2. Long Term Capital Gain (LTCG) on the sale of agricultural lands.

Detailed Analysis:

1. Deduction under Section 54F:

The Revenue appealed against the order granting the assessee a deduction under Section 54F amounting to Rs. 7,28,85,153/-. The assessee had sold five non-agricultural lands and claimed this deduction. The AO questioned the validity of the deduction, arguing that the agreement to sell the new property was unregistered and not notarized, and thus had no evidentiary value under Section 17 of the Registration and Other Related (Amendment) Act, 2001, and Section 53A of the Transfer of Property Act. The AO also noted that the scheme was not completed within three years and that the nature of the property (residential vs. commercial) was not substantiated.

The CIT(A) admitted additional evidence and ruled in favor of the assessee, noting that the investment in the new residential property was genuine and that the delay in project completion was beyond the assessee's control. The CIT(A) also emphasized that the entire amount of capital gain was invested in the new property, thus fulfilling the conditions for deduction under Section 54F.

2. Long Term Capital Gain on Agricultural Lands:

The AO added Rs. 2,00,14,765/- to the total income of the assessee, arguing that the sale proceeds from two agricultural lands were not disclosed in the return of income. The AO observed that these lands were in the vicinity of other non-agricultural lands sold by the assessee and concluded that no agricultural activities were carried out on these lands, thus treating them as non-agricultural.

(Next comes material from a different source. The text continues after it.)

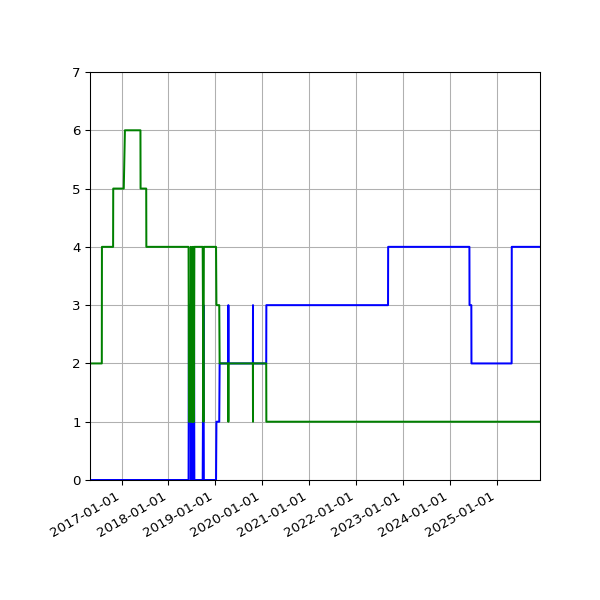 Graph of Files per version against time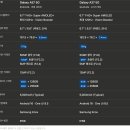 스마트폰중급 이미지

The assessee contended before the CIT(A) that the lands were agricultural and beyond 8 km from the local limits of the municipality, thus not qualifying as capital assets under Section 2(14) of the Act. The CIT(A) accepted this argument, supported by a certificate from the Palodiya Gram Panchayat and Google Maps evidence, which confirmed the lands were beyond 8 km from the Ahmedabad Urban Area.

Final Judgment:

The ITAT found that the AO was not given sufficient opportunity to consider the additional evidence submitted by the assessee. The ITAT noted that the CIT(A) admitted these additional evidences without a proper remand report from the AO. Consequently, the ITAT set aside the order of the CIT(A) and remanded the matter back to the AO for fresh adjudication, ensuring that the AO is given a reasonable opportunity to review the additional evidence and provide a thorough report. The appeal by the Revenue was allowed for statistical purposes.

Conclusion:

The ITAT emphasized the need for a thorough review by the AO, considering all additional evidence submitted by the assessee, to ensure a fair and just resolution of the issues regarding the deduction under Section 54F and the LTCG on agricultural lands. The case was remanded to the AO for a fresh decision, with instructions to provide the assessee with an opportunity to be heard and to avoid unnecessary adjournments.